Founded as a stagecoach stop, the New Boston is Berkshire County’s oldest inn. The original barroom is a pub to this day, and there’s also an inn with a full restaurant, a “Gentleman’s Parlor,” and seven guest rooms.

Source: Courtesy of The Red Fox Inn & Tavern

The Red Fox Inn & Tavern
> Location: Middleburg, VA
> Founding date: 1728

Built at the halfway point between Alexandria and the frontier town of Winchester, Virginia, The Red Fox Inn & Tavern has hosted everyone from George Washington to John F. Kennedy to Elizabeth Taylor to Tom Cruise over the years. It served as a Confederate headquarters and hospital during the Civil War, and today it’s a charming and elegant retreat with five guest rooms, an upscale tavern, and a cozy pub.
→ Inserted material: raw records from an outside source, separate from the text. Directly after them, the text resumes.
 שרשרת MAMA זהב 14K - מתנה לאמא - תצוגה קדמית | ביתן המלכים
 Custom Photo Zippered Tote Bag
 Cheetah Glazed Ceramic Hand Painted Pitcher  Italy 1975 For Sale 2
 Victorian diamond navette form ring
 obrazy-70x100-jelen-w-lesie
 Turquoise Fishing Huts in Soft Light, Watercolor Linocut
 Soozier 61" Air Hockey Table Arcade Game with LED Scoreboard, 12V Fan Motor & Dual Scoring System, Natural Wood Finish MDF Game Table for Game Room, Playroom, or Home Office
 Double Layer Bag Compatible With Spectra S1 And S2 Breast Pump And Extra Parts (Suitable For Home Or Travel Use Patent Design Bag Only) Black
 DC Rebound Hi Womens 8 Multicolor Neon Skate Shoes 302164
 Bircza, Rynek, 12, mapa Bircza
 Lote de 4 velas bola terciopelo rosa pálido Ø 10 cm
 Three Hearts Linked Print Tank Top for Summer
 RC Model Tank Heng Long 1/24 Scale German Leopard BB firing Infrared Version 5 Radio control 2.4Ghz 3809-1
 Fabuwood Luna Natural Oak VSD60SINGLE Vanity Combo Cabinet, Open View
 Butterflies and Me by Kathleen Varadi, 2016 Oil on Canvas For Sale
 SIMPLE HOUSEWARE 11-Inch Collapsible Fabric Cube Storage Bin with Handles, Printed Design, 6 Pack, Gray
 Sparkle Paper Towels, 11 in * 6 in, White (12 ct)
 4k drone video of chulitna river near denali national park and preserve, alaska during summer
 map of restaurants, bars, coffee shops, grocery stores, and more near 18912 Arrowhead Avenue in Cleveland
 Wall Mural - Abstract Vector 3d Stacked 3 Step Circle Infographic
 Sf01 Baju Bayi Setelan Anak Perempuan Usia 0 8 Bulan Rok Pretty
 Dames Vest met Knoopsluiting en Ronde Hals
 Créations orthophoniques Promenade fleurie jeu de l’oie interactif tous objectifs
Source: Courtesy of Noriko S. via Yelp

King George II Inn
> Location: Bristol, PA
> Founding date: 1681

Believed to be the oldest continually operated inn in the United States, the King George II was established as a stopping point on the road between New York and Philadelphia. Overlooking the Delaware River, the inn was renamed the Fountain House after the Revolutionary War and was a popular resort in the 1800s. The original name was restored in the 1940s, and nowadays it’s a popular bar and restaurant.